A financial counsellor can help you assess your situation and work out
a budget. They might help you negotiate repayments with your credit
providers, or prepare an application for a hardship variation (see page 37).
They’ll talk you through your options and the consequences, including
what happens if you go bankrupt or get a debt agreement. They can then
help you with any negotiations you might need to make.
For example, financial counsellors can help you deal with debt collectors,
eviction from your home, repossession of assets, disconnection of gas,
electricity or phone, taxation debts and unpaid fines. They can help you
work out if you owe the money claimed and how much.
Free legal advice
Free legal advice is available from community legal centres and Legal Aid
offices in each state and territory. They can help you with some of the same
things as financial counsellors, including handling disputes with credit
providers and debt recovery through the courts.
Find out more
Find out about applying for hardship at moneysmart.gov.au.

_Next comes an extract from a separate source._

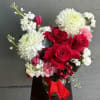Bouquet of red roses, white chrysanthemums, and pink carnations with a red ribbon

To find a free financial counselling service near you, go to
moneysmart.gov.au. Or call the National Financial Counselling
Hotline on 1800 007 007.
For links to community legal centres and Legal Aid offices
around Australia, go to moneysmart.gov.au. You can also go to
nationallegalaid.org.
38
Credit, loans and debt
Dealing with debt collectors
A debt collector is a person who collects debts in the course of a business.
This could be the credit provider or a debt collection agency acting on
their behalf. Sometimes debts are sold and the buyer of the debt will do
the collecting.
Debt collectors must follow certain rules. For example, they are not allowed
to act in a way that is misleading or deceptive, or unduly harass or coerce
you into paying.
If you are worried about the conduct of a debt collector, contact them
directly with your concerns.
If the debt is a financial service or product such as a credit card debt,
you can make a complaint to the external dispute resolution scheme of
which they are a member. If the debt is a non financial service or product,
such as a utility or telephone bill, you should contact your relevant state
government agency (see ‘To find out more’ on page 46).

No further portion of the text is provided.